Uncommon Association of Aortopulmonary Window in a Patient with Complex Univentricular Heart and CHARGE Syndrome

Sathish Chikkabyrappa 1,2, Guruprasad Mahadevaiah 3, Arpan R Doshi 4,5, Joan Lee 1,2, Eyal Sagiv 1,2, Sujatha Buddhe 1,2
PMCID: PMC7889068  PMID: 33654544

INTRODUCTION

The univentricular heart and aortopulmonary window (APW) are rare cardiac malformations and their association is extremely rare. Worldwide incidence of congenital heart disease (CHD) is estimated at 8 per 1,000 live births.1 APW represents 0.1 to 0.6% of all CHD.2 The most associated malformations are aortic arch anomalies, specifically coarctation of the aorta and type A interruption of aortic arch, as well as atrial and ventricular septal defects and conotruncal anomalies.
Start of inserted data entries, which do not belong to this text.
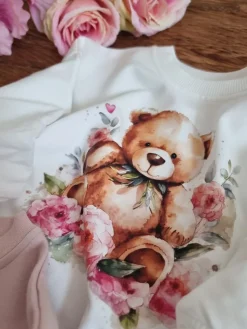 Bluza dziecięca z nadrukiem misia w kwiatach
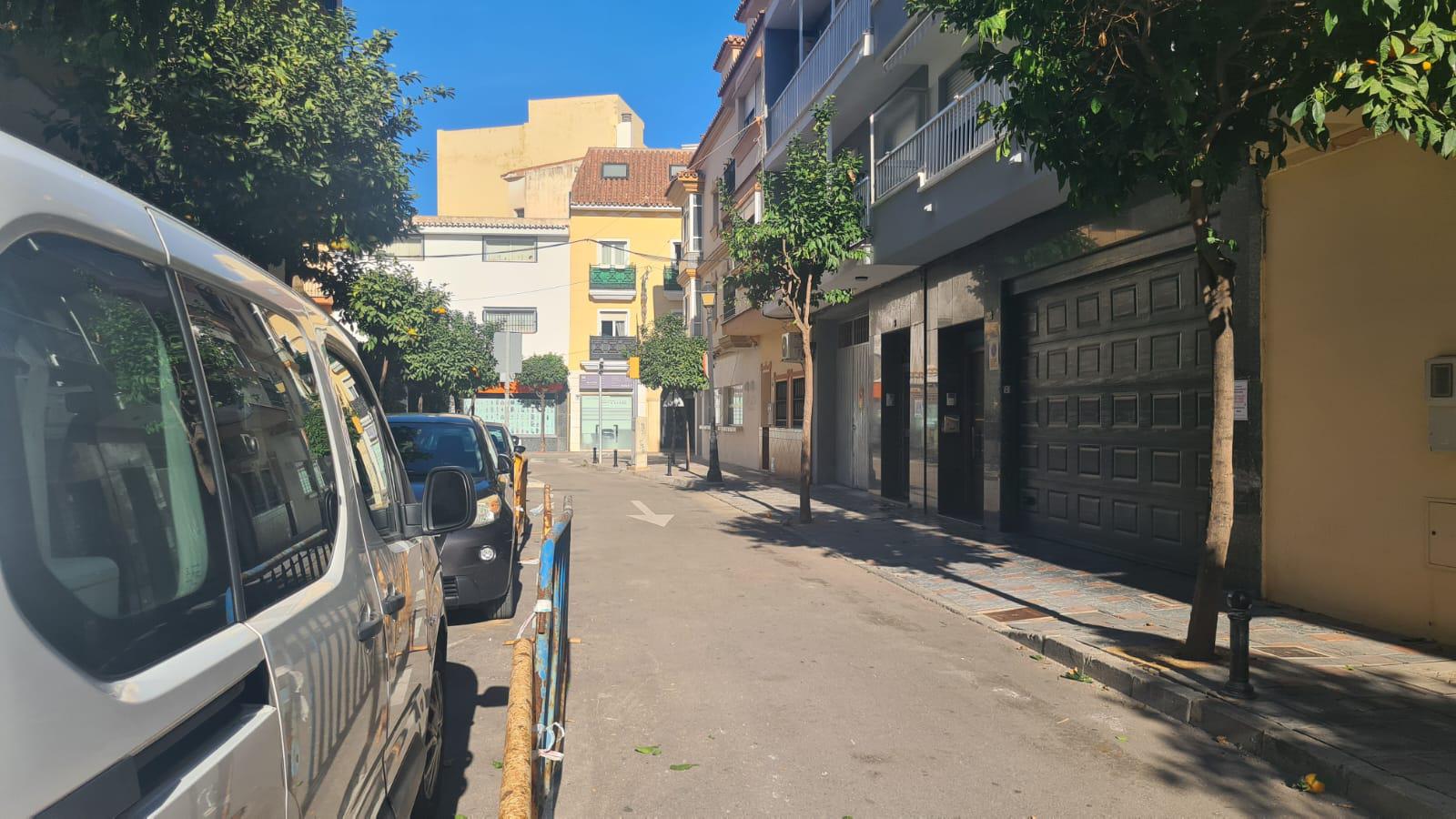 Imagen 2 Local Comercial en venta en Fuengirola / Plaza de Los Chinorros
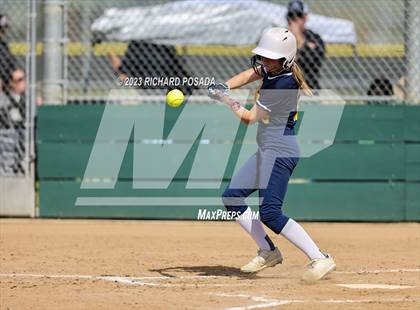 Thumbnail 3 in Selma vs. Monache photogallery.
Only a handful of case reports of APW associated with complex single ventricle lesions have been described in the literature.3,4 To our knowledge, there is no literature on association of CHARGE syndrome (Coloboma, Heart defect, Atresia choanae, Retarded growth and development, Genital hypoplasia, Ear anomalies/deafness) with complex univentricular heart and APW. We report a case of unique combination of large APW in a complex univentricular heart of undetermined morphology with malposed great arteries in a neonate with absent thymus and CHARGE syndrome. In addition, our patient’s genetic testing was positive for CHD7 mutation.

CASE REPORT

A full-term, 2.5-kg, female neonate with prenatal diagnosis of complex single ventricle was transferred from an outside institution for stage one single ventricle palliation. She was born to a 23-year-old, gravida 2, parity 2, Caucasian woman at 38 weeks of gestation. The pregnancy was complicated by pregnancy-induced hypertension and gestational diabetes. Her immediate postnatal course was uncomplicated without requiring any resuscitation. Initial oxygen saturations were in 90% range on room air without any signs of respiratory distress. Physical exam was significant for dysmorphism consistent with CHARGE syndrome (head-sparing short stature, hypertelorism, down-slanting palpebral fissure, iris coloboma, and microtia). Cardiac exam was significant for single first heart sound and nonspecific soft systolic murmur.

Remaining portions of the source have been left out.